> **Aim of the exercise**
Everything from the line that contains "Gothic Churches tweet media" to the final line of the data, both ends included, must be set down exactly, apart from the pictures.

··········

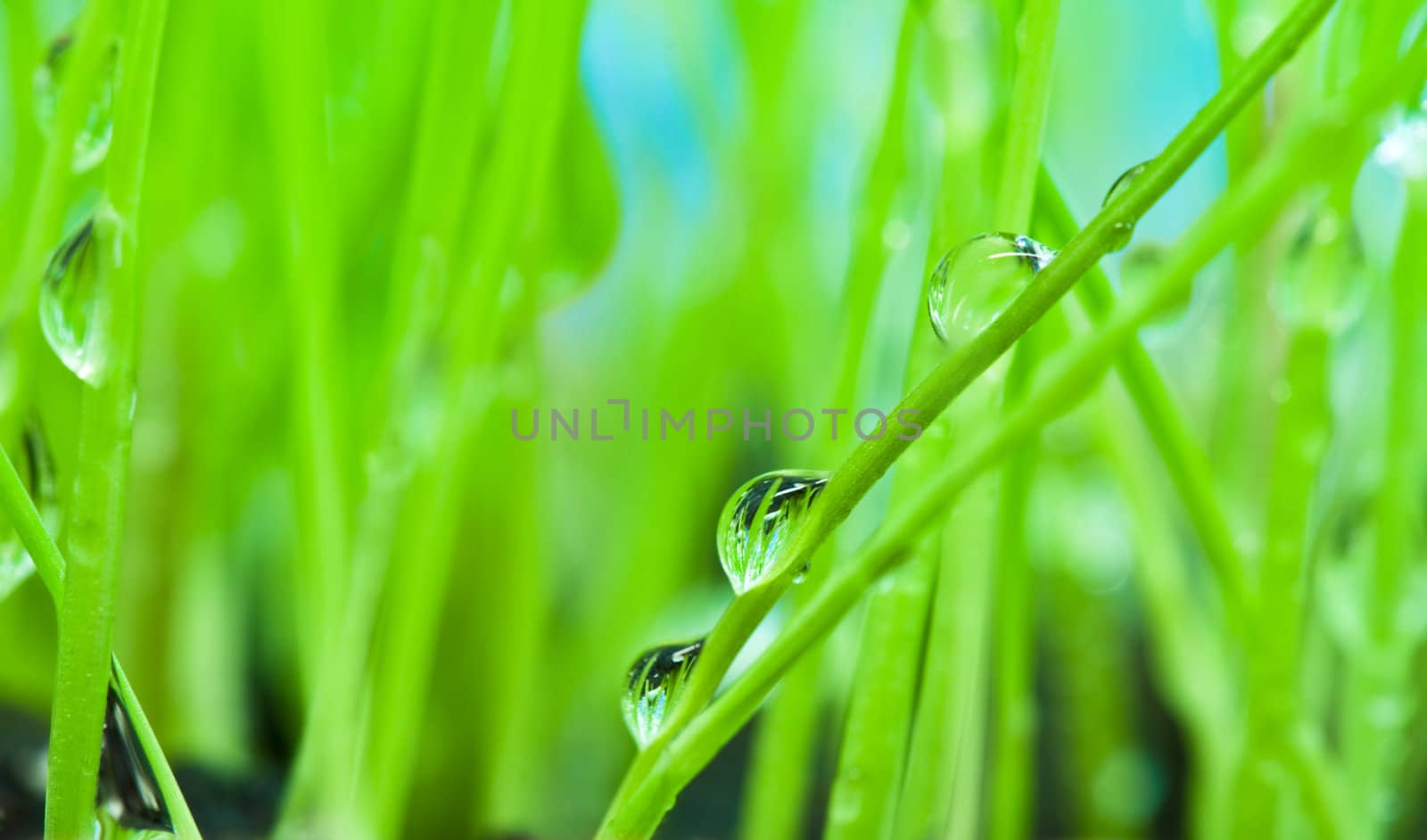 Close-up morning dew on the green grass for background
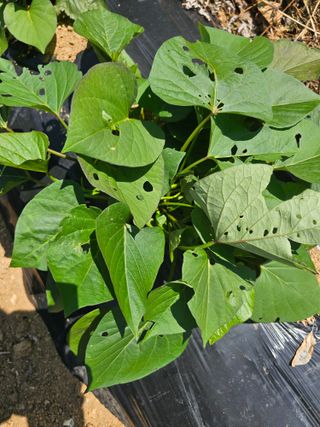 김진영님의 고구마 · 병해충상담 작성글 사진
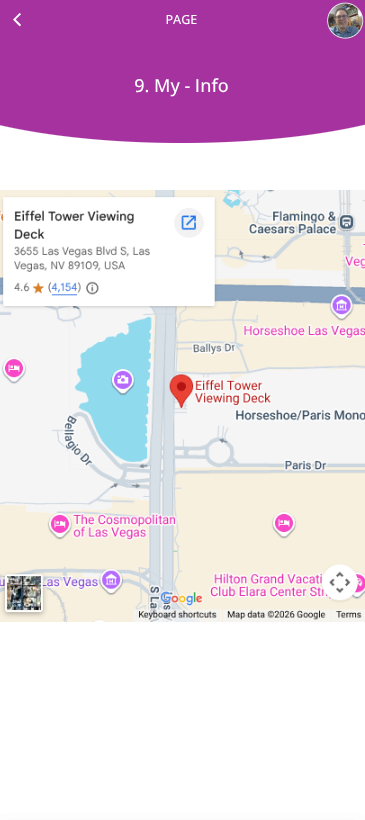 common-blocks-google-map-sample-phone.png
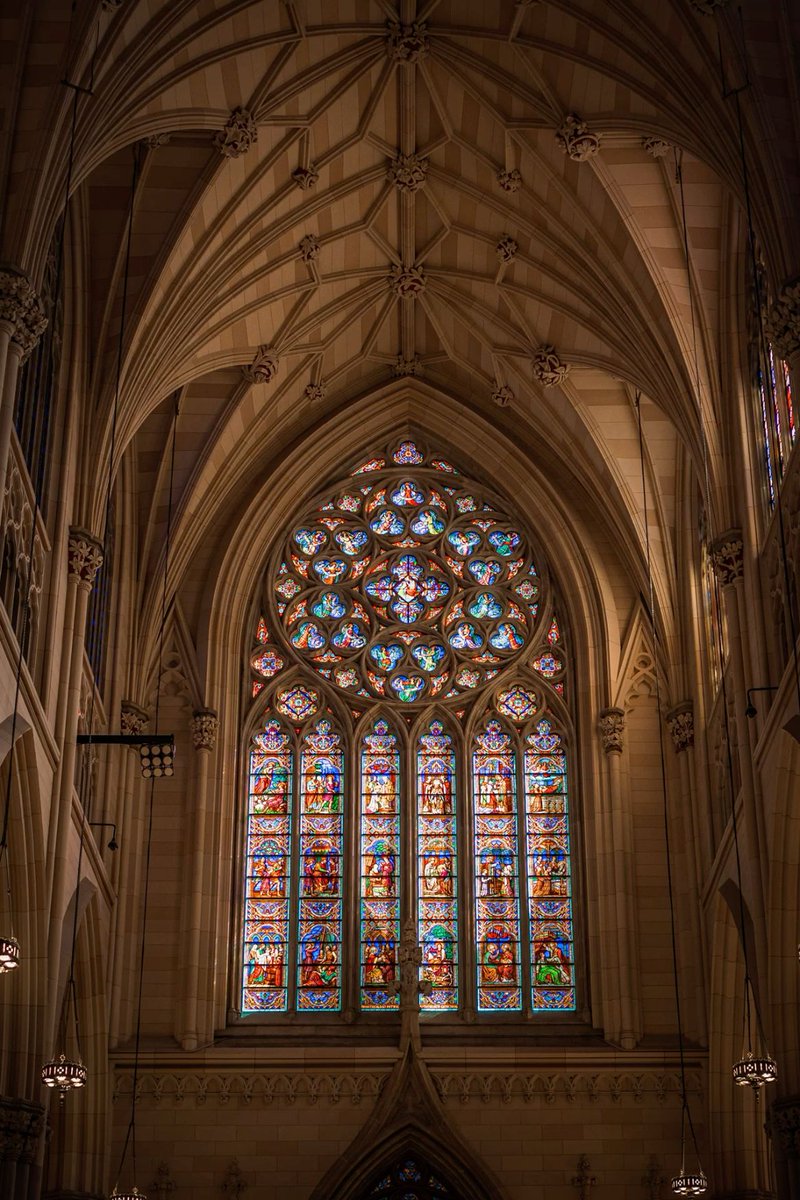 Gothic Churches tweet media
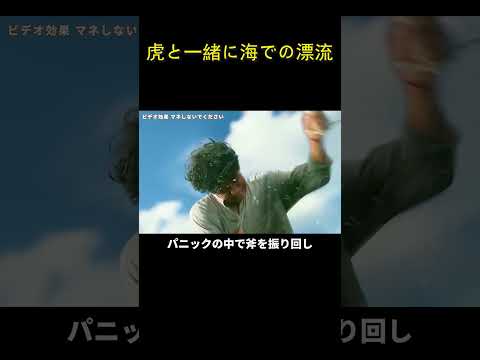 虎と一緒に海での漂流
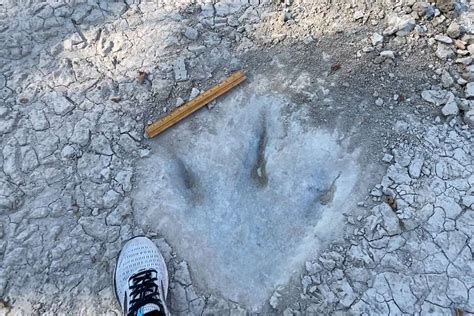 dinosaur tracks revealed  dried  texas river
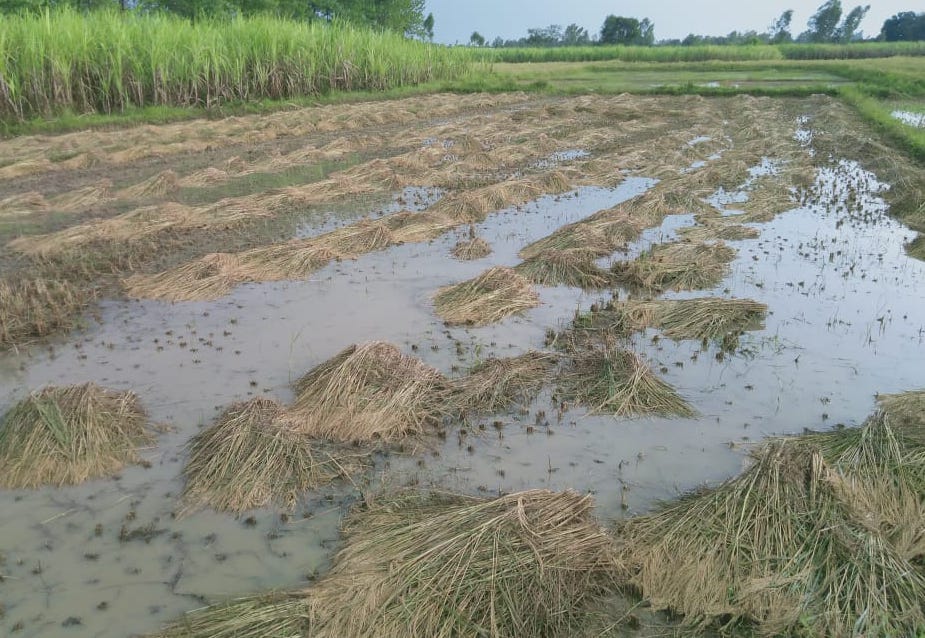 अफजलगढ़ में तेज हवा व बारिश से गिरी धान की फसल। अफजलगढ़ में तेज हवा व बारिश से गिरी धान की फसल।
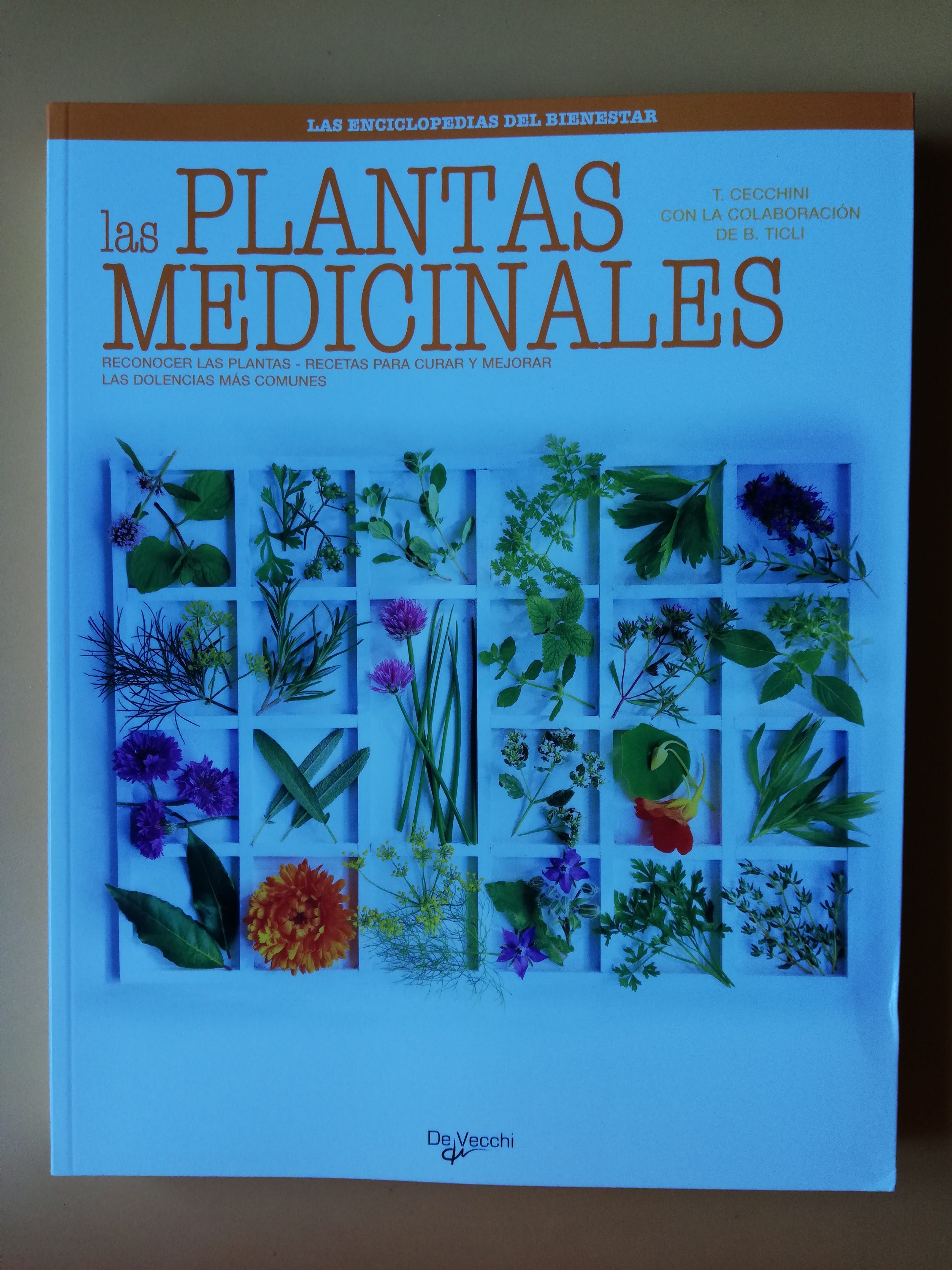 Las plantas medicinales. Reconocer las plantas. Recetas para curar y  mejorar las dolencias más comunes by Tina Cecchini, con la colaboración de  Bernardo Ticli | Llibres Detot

··········

> **Response to the exercise**
 Gothic Churches tweet media
 虎と一緒に海での漂流
 dinosaur tracks revealed  dried  texas river
 अफजलगढ़ में तेज हवा व बारिश से गिरी धान की फसल। अफजलगढ़ में तेज हवा व बारिश से गिरी धान की फसल।
 Las plantas medicinales. Reconocer las plantas. Recetas para curar y  mejorar las dolencias más comunes by Tina Cecchini, con la colaboración de  Bernardo Ticli | Llibres Detot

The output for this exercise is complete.